Доложу без ложного хвастовства: к девяти годам я владел пилой-ножовкой, рубанком, стамеской, шилом. Умел обращаться даже с вязальными спицами. Но самая ценная вещь… Смастерил и подарил я любимой бабоньке собственной конструкции скамеечку для ног. Тайка тайком отнесла мою работу в школу, на городскую выставку ученических поделок, откуда она перекочевала чуть ли не в Смоленск. Высокое жюри выделило данный экспонат за его потребительские свойства, и местный обозный завод с ходу включил мою скамеечку в свой производственный план. Автора наградили путёвкой в пионерскую страну Артек. Такой же чести, помню, была удостоена и наша школьная красавица: отличница, сербияночка по имени Марьяна. Дата отъезда была:
22 июня сорок первого года… По сему поводу у нас в семье долго шутили: дескать, мою путёвку в Крым перехватил гадкий Гитлер… За что потом его Бог и наказал!
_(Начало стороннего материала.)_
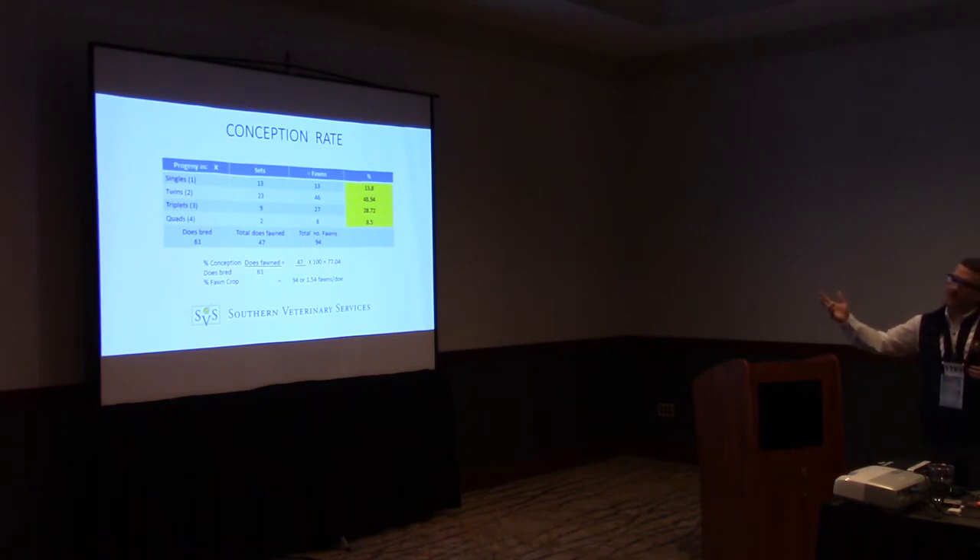Here's an example: we bred 61 does, 47 of them fawned to AI — a 77% fawn rate. Adding up singles, twins, trips, and quads gives us 94 fawns on the ground over 61 does originally bred, putting us right at a 1.5 fawn crop. Personally, I think 1.5 fawns per doe is a realistic expectation for every farm that does laparoscopic AI or any type of repro program.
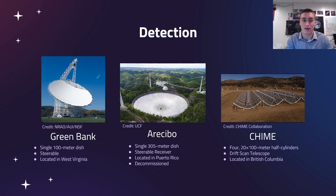The Green Bank telescope is a 100-meter dish that is actually steerable, and it's located in West Virginia. The Arecibo telescope can't move, but it does have a steerable receiver so we can look at different points in the sky — it's located in Puerto Rico. Unfortunately, this one collapsed not long ago, and they're looking to rebuild it.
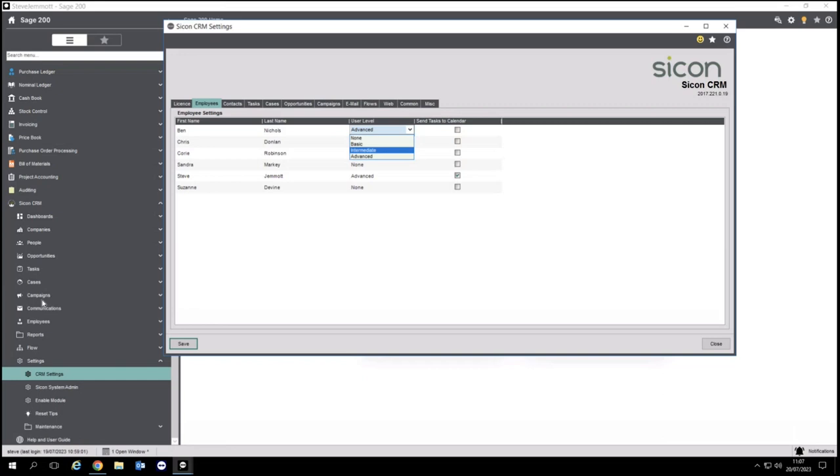For example, we've got the option to log a task against a sales order or a purchase order in Sage, so it starts to become multi-use. And by being able to say that Chris Donlan only needs a basic user, we can control that cost. All you do is purchase the appropriate user level for your users and that determines what access they have.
Война исковеркала и личную жизнь Таисии Алексеевны. В бою за Ужгород сложил свою голову её муж и боевой товарищ – Степан. Всего-навсего двадцать лет исполнилось вдовушке – то была её первая и последняя любовь.
Сразу же после демобилизации наша воительница приехала на родину Степана, в украинское местечко Яшполь. Чужие люди приняли её как родную – так что отпал вопрос о жилье. Тут же и работа нашлась: фронтовичку взяли в аппарат райкома партии на должность инструктора.
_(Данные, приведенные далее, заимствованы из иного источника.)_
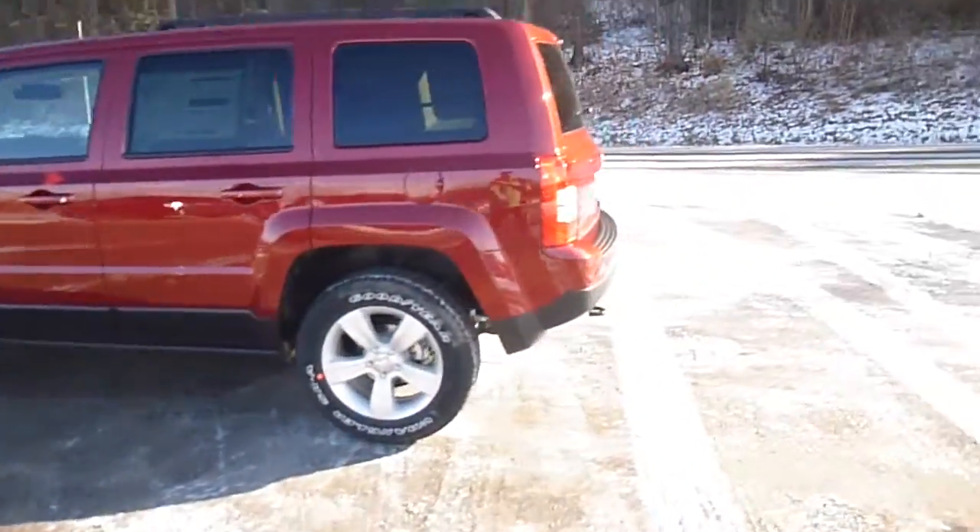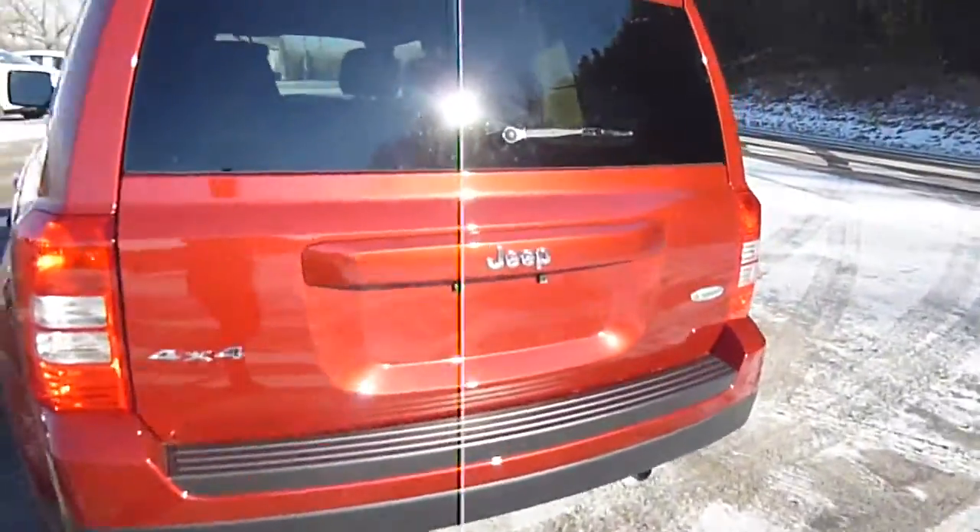Head over to the back here — you've got Latitude trim, 4x4 on this. Let's open up this hatch. There is tons of room for storage in the back here.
День ото дня звонче и бойчее звучал на улицах смех. Палисадники ломились от веток сирени, жасмина и буйства всевозможного разноцветья. Следуя зову природы, местечковые красавицы достали из скрыней и сундуков давно ненадёванное убранство и, конечно, ленты, бусы, монисты, серебряные браслеты и прочие побрякушки. Таисия же наша и в будни, и в праздники по-прежнему ходила в строгой военной гимнастёрке, в форменной юбке цвета хаки.
Но жизнь брала своё. Строгая на вид и безупречная в отношениях с людьми, Таисия Алексеевна однажды явилась на расширенное заседание партийного бюро с серёжками в ушах, нарушив негласный служебный этикет. Крохотные изумрудные камушки подарил Степан своей невесте в день её рождения. Оргвыводы не последовали, но белую ворону незаметно стали выживать из круга себе подобных…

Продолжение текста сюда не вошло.